Eval4RAG: Workshop on Evaluation of RAG Systems

Retrieval-augmented generation (RAG) systems have presented new challenges in terms of evaluation. The Eval4RAG Workshop at ECIR 2025 aims to help the community grapple with these challenges and reconcile the variety of evaluation proposed protocols. We ultimately aim to push towards a common mindset or conceptual framework for the evaluation of RAG systems that considers the diverse viewpoints of the community.

Tentative Program

Idea Board

	Program	Speaker or Participants
14:30 – 14:40	Opening with Overview of Existing RAG Shared Tasks	TBD
14:40 – 15:15	Keynote Talk – A Journey Through Domain-Specific RAG and Agent Evaluation	Fabio Petroni
15:18 – 15:25	Automated Evaluation of RAG in Romanian Authors: Claudiu Creanga, Teodor Marchitan and Liviu Dinu	TBD
15:25 – 15:32	MARE: Automatic Modality-Agnostic Report Evaluation Authors: Alexander Martin, Kate Sanders, William Walden, Eugene Yang, Reno Kriz, Francis Ferraro and Benjamin Van Durme	TBD
15:32 – 15:39	Controlled Retrieval-Augmented Context Evaluation Authors: Jia-Huei Ju, Suzan Verberne, Maarten de Rijke and Andrew Yates	TBD
15:39 – 15:46	Open-ended error analysis in retrieval-augmented generation Authors: Nadezhda Chirkova	TBD
15:46 – 15:53	Challenges in RAG Evaluation for Text Classification in Evidence Synthesis Authors: Sagar Uprety, Ailbhe Finnerty and James Thomas	TBD
15:53 – 16:00	Automated Evaluations of RAG Systems in Customer Support in Automotive Applications Authors: Luis Wagner, Gayane Sedrakyan and Jos Van Hillegersberg	TBD
16:00 – 16:30	Coffee Break – Organizers Collecting/Organizing Discussion Idea
16:30 – 16:45	Discussion Idea Presentation and Group Assignment	TBD
16:45 – 17:30	Breakout Discussion	Attendees
17:30 – 17:50	Group Report Back	Attendees
17:50 – 18:00	Closing	TBD

Keynote: A Journey Through Domain-Specific RAG and Agent Evaluation

Speaker: Fabio Petroni

Abstract

In this talk, I will share the evaluation journey at Samaya over the past two and a half years—starting from factoid questions we handcrafted internally, to evaluating complex, real-world predictions about the future.

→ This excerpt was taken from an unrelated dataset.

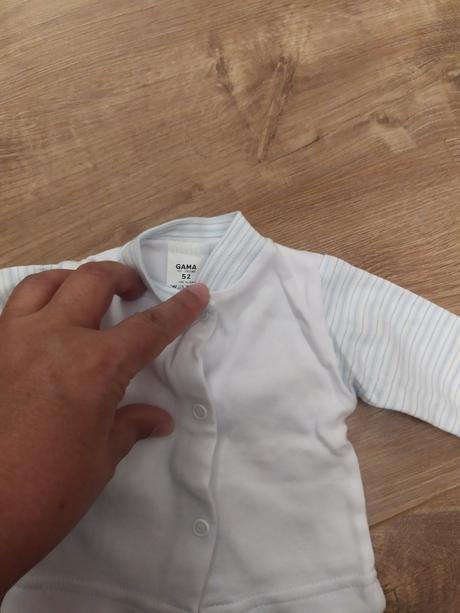 Sada oblečenia pre bábätká 52-56 cm, 4 ks, 50–62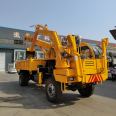 20 ton lifting and excavation integrated machine for large-scale landscaping and rural transformation, with vehicle excavation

I’ll highlight the evolution of our methodologies and the growing challenges of assessing systems operating in specialized domains, with an eye toward actionable insights and open questions for the community.

Bio

Fabio Petroni is the Co-Founder and CTO of Samaya AI, specializing in the intersection of AI and knowledge. He holds a Ph.D. in Engineering of Computer Science from Sapienza University of Rome and has conducted research in leading industrial labs, including the FAIR team at Meta AI and the R&D department at Thomson Reuters. Fabio is known for his work on knowledge-intensive NLP, with awards such as first place in the NeurIPS Efficient Open-Domain Question Answering competition (2020) and the Google Best Paper Award at AKBC (2020). His research contributions include several high-impact publications, including Language Models as Knowledge Bases? and the original RAG paper.

Presentation Topics

To this end, we call for oral presentations in the workshop to help spawn discussion and share perspectives about RAG evaluation. The call covers but is not limited to:

Desired evaluation aspects or qualities for RAG systems;
Unification of RAG task structure, e.g., TREC topic structure and Cranfield paradigm;
Bridging gaps between IR and other RAG-related fields, e.g., summarization, question answering, etc.;
Proposed or published relevant evaluation methods or datasets for RAG;
Automation of evaluation methods;
Reproducibility for RAG evaluation;
Reasons to abandon evaluation for RAG, i.e., we don’t need evaluation;
Other RAG evaluation spicy topics.

Interested presenters should submit a one-page extended abstract in ACM two-column conference format (with unlimited reference) as the presentation proposal. The extended abstract should cover the relevancy of the presentation to the workshop, especially for presenting a published or accepted work(s). Both published and unpublished work are welcomed as long as the presentation is relevant to the workshop. Accepted extended abstracts will be given a short dedicated time slot to present their perspective in the workshop. We encourage authors of relevant accepted papers at the main conference to submit an extended abstract to present the work again at the workshop with a focus on evaluation.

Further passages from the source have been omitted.